Spotlight on FlexiGroup
Consumer finance player FlexiGroup (ASX: FXL) has a $1.3 billion market cap and is in the S&P/ASX 200 index (Index: ^AXJO) (ASX: XJO), but it’s lesser known. It’s also, perhaps, harder to understand. The company has historically had a focused business in consumer point-of-sale leases through retailers like Harvey Norman (ASX: HVN), but more recently, has expanded into interest-free credit cards and “no interest ever” loan services.
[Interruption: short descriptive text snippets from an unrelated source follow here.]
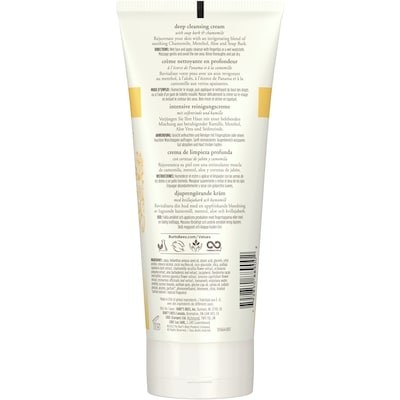 Soap Bark and Chamomile Deep Cleansing Cream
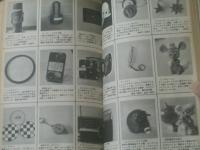 【月刊自家用車（昭和４２年２月号）/特集・１９６７年車種別展望】内外出版社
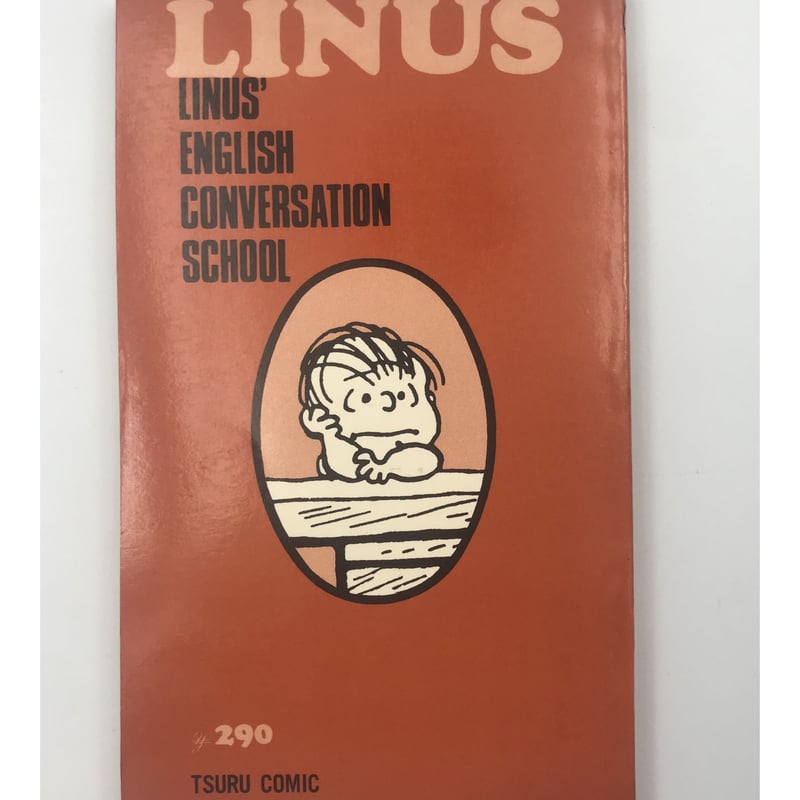 Title/ ピーナッツの英会話学校4冊セット Author/ チャールズ M
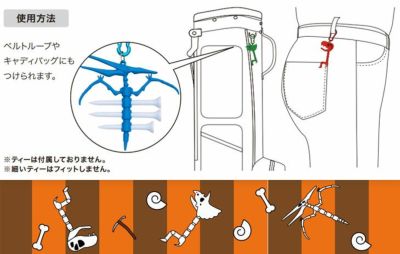 リンクスガオーティーボーンティーキーパー恐竜骨型LYNXGaOo!TeeボーンLXTK-01ティラノサウルストリケラトプスプテラノドンゴルフネコポス対応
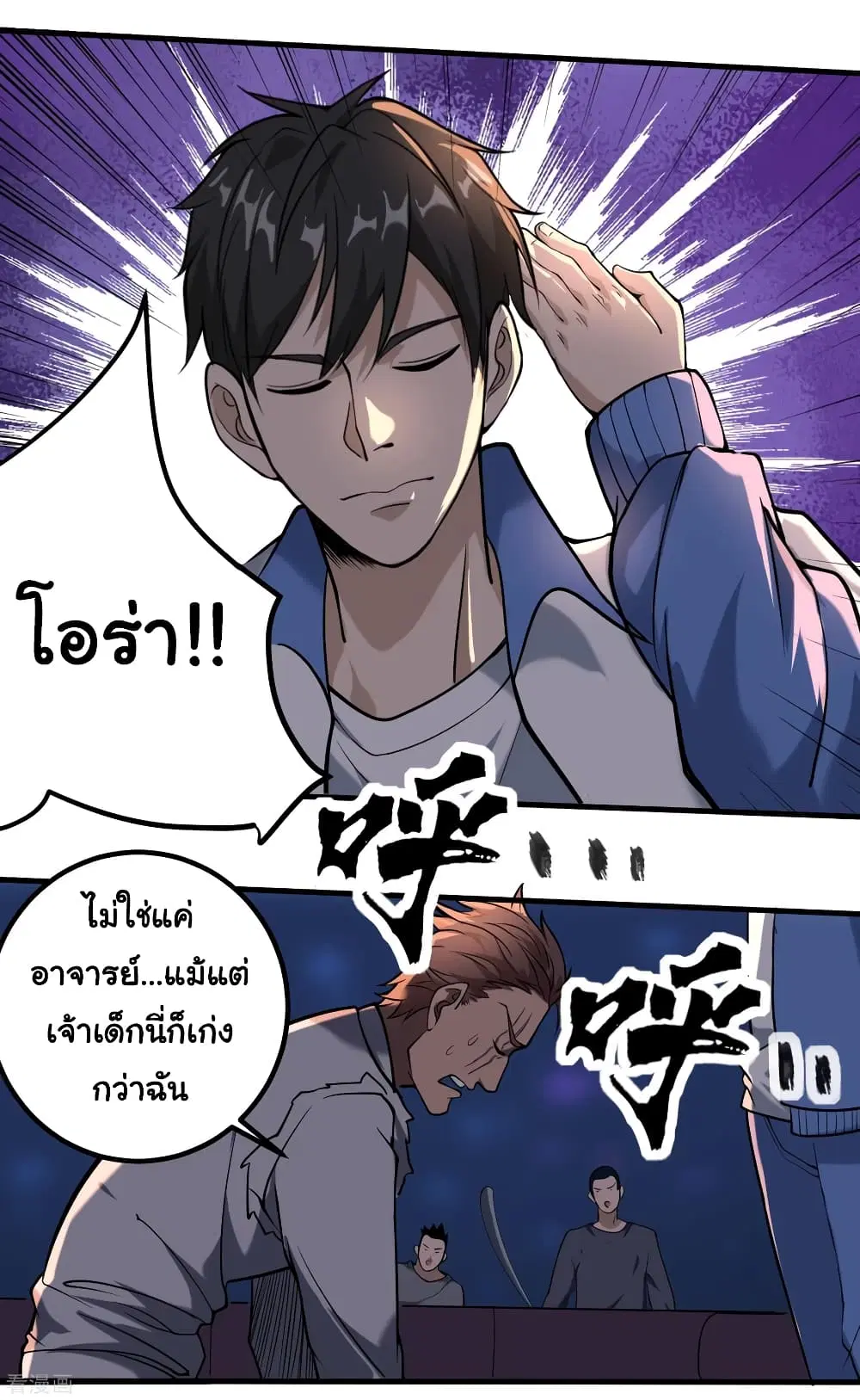 School Flower Master ตอนที่ 92 หน้า 16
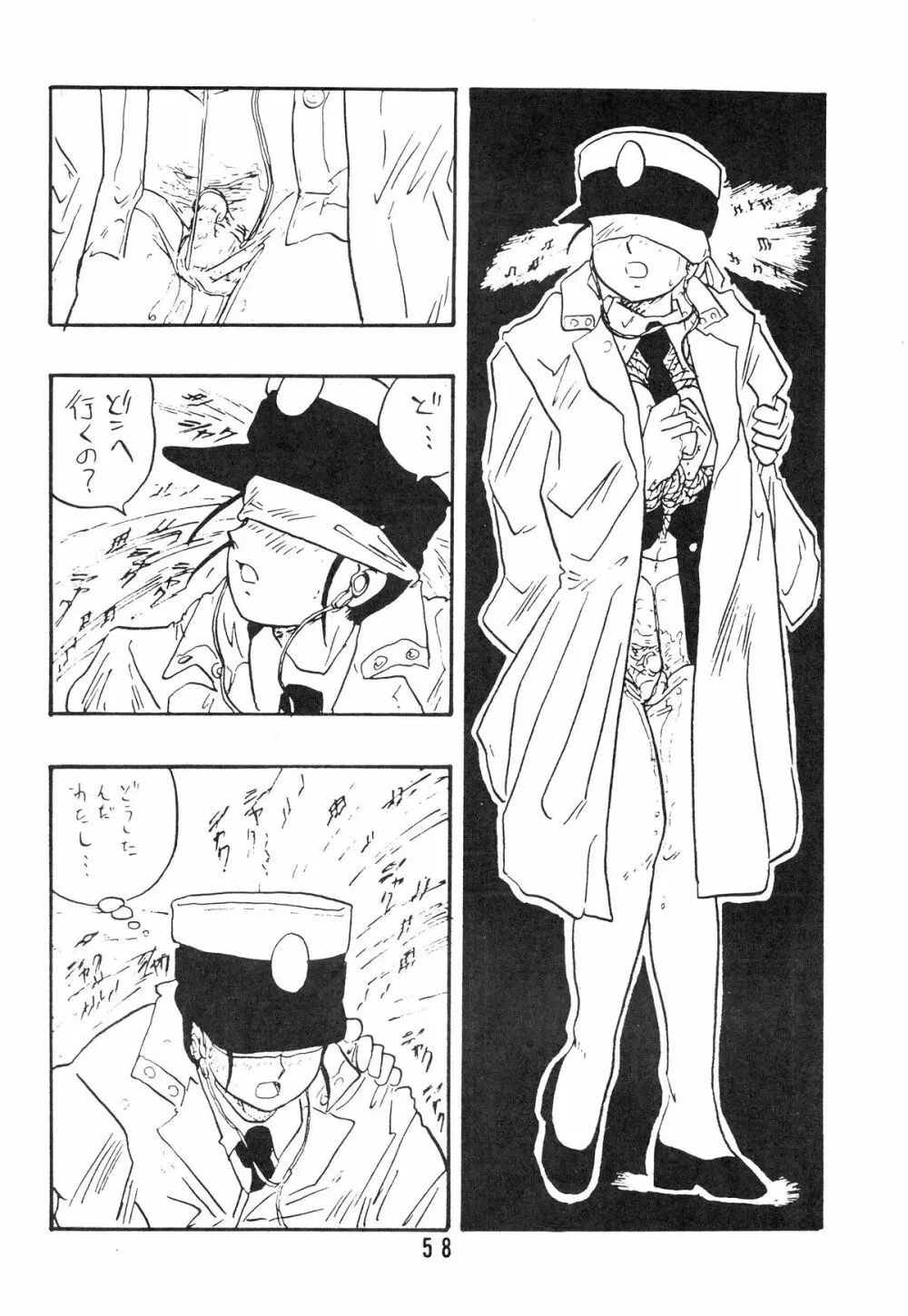 麗REIKO子 Page.58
The outcome is that the company’s business is far less tied to consumer spending than it once was, and that it could continue to grow for years to come as it wins more market share in the interest-free credit card and loan space. This market position also allows the company to earn additional revenue through lucrative cross-selling to its customer base.
A chance for capital gains and fully franked dividends
Over the last five years, net profits have grown from $32.3 million to $65.8 million, much faster than the top line, and management is targeting 17% to 19% growth in 2014. With so many ASX shares looking seriously overpriced relative to their growth potential, it’s exciting to see Flexigroup shares trading for a far more reasonable multiple of about 19 times trailing earnings.
In short, if investors are looking for ‘growth at a reasonable price’ they might do far worse than Flexigroup shares, which also pay a fully franked dividend with a yield over 3%.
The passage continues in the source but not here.